Des dépôts couverts ; les déposants doivent-ils rester moins bien protéger que les autres créanciers des banques ?

Les grandes banques universelles européennes ont donc largement utilisé leurs dépots d’épargne pour financer leurs activités spéculatives. Celles ci sont très consommatrices de liquidités et de  nombreuses banques utilisent maintenant leurs meilleurs actifs (qui sont souvent les crédits et autres actifs financés avec leurs dépots)  pour constituer des garanties (du « collatéral », en franglais financier) auprès de qui voudra bien leur faire crédit : les contreparties des dérivés et professionelles d’une part, mais aussi les acheteurs d’obligations dites « couvertes », qui reçoivent en gage  les meilleurs actifs du bilan des banques.  Ceci a l’air innocent, mais en réalité relègue les déposants au rang de prêteur de second rang, subordonné. Si la banque fait faillite, les meilleurs actifs serviront d’abord à dédommager les créanciers « couverts » ; les déposants, non « couverts » n’auront plus grand chose. Dans la mesure où les dépots de particuliers sont garantis par l’Etat, le risque principal est en Belgique supporté par l’Etat, c’est à dire les contribuables et donc en fait quand même les citoyens.

 Tant que des mesures de séparation de l’Investment banking à l’anglaise ne sont pas appliquées en Belgique,  l’ Etat  serait peut être bien inspiré de prévoir une pratique simple de couverture des dépôts bancaires, inspirée d’ailleurs des « obligations couvertes » émises par les banques : puisqu’on fait bénéficier les obligataires,(et les contreparties de transactions sur dérivés, les banques centrales, etc) d’une « couverture », pourquoi pas les déposants particuliers.

Un mécanisme simple prévoirait qu’une banque établie en Belgique et qui y collecte des dépots aurait obligation de donner en nantissement, en  couverture,  de ces dépots les crédits et autres actifs qu’ils financent. Si l’Etat belge continue de garantir ces dépôts, il  bénéficiera de ce nantissement qui réduira  son risque  à un niveau raisonnable.

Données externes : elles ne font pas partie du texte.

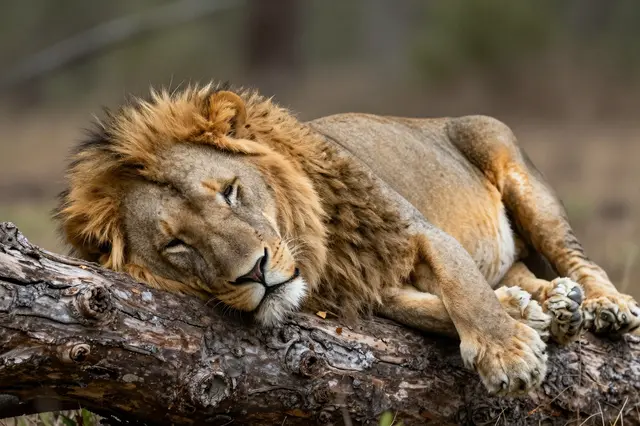 A male lion rests with half closed eyes, asleep on a gnarled fallen tree trunk
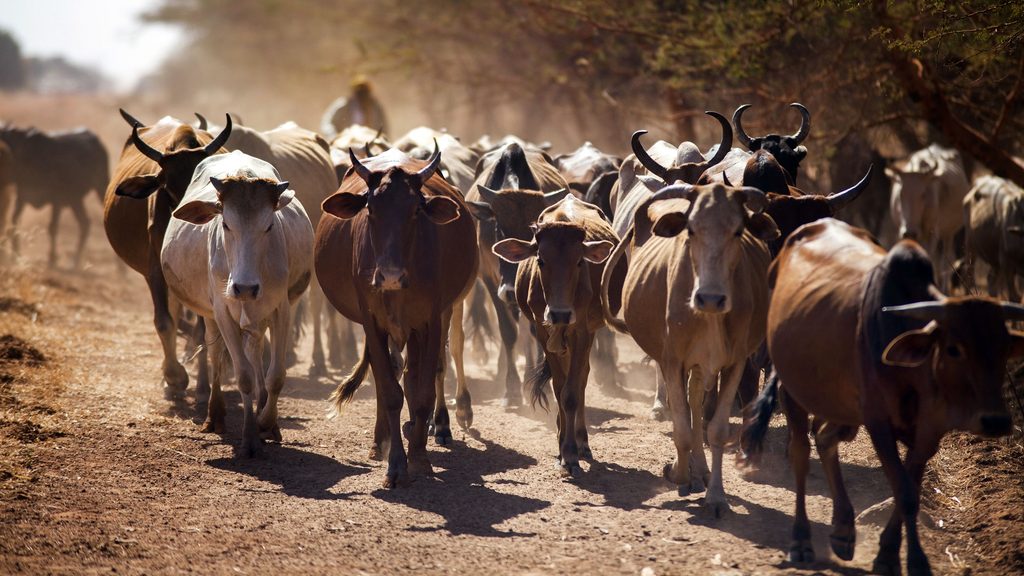 Thousands of cattle stranded at Sudan-CAR border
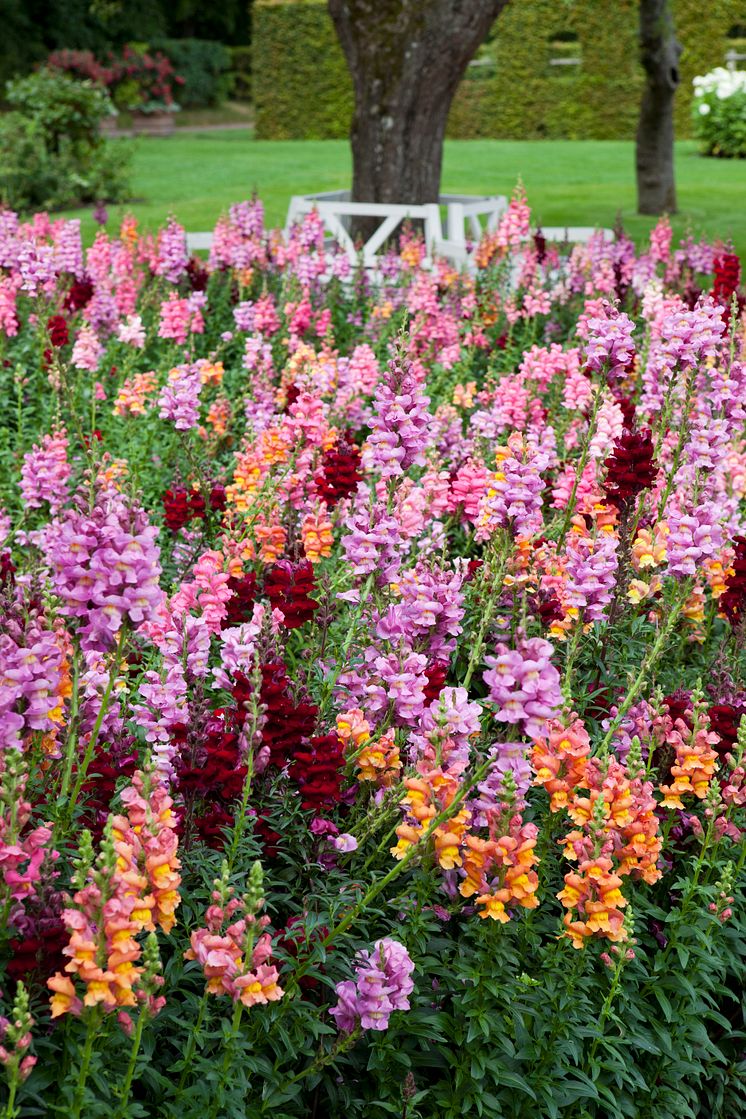 Lejongap - Årets Sommarblomma 2017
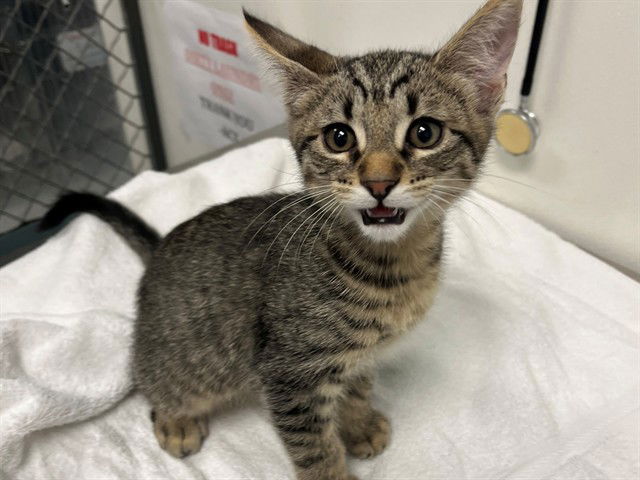 adoptable Cat in Redwood City, CA named HARRY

L’Etat pourra aussi refuser certains actifs inadéquats, et moduler la prime  qu’il perçoit sur les  garanties qu’il octroie en fonction de la qualité des actifs reçus en couverture, selon les évaluations que font les régulateurs pour juger de la qualité d’un portefeuille de crédits. Ceux-ci doivent pouvoir faire sans problème ce genre d’évaluation pour des portefeuilles normaux de crédits normaux à des particuliers, des entreprises, des pouvoirs publics,… ( en se passant des ratings frelatés émis par les agences de notation d’ailleurs). Les banques qui plaideront qu’elles n’ont plus d’actifs à donner en nantissement démontreraient à quel point la situation actuelle est anormale,  et à quel point il est urgent d’éviter d’en faire courir le risque aux déposants.

Ce mécanisme simple aurait évité ou fortement réduit les  coùts et  risques  supportés par l’Etat belge pour soutenir les  grandes banques, et d’une affaire comme Kaupthing. Il serait aussi un premier pas très utile vers une meilleure limitation des activités spéculatives des banques commerciales. Il serait très facile à mettre en place, en utilisant les pratiques et le cadre légal des « covered bonds », ces obligations couvertes que certains voudraient encourager. « Couvrons » d’abord les dépots.

P.S.Le cas Dexia est illustratif ; l’Etat belge, parce qu’il garantissait les dépôts de Dexia Banque Belgique ( la banque commerciale du groupe,  ce qui est aujourd’hui Belfius) a été obligé de prendre des risques de dizaines de milliards pour empêcher la faillite de Dexia France et du groupe Dexia, parce que Dexia Banque Belgique a  pris des risques inconsidérés. Si Dexia Banque Belgique avait été gérée ou protégée correctement, Dexia Banque Belgique n’aurait pas été polluée par les problèmes de l’entité spéculative. La bonne gestion des grandes banques universelles étant aléatoire, une protection réglementaire et légale est nécessaire.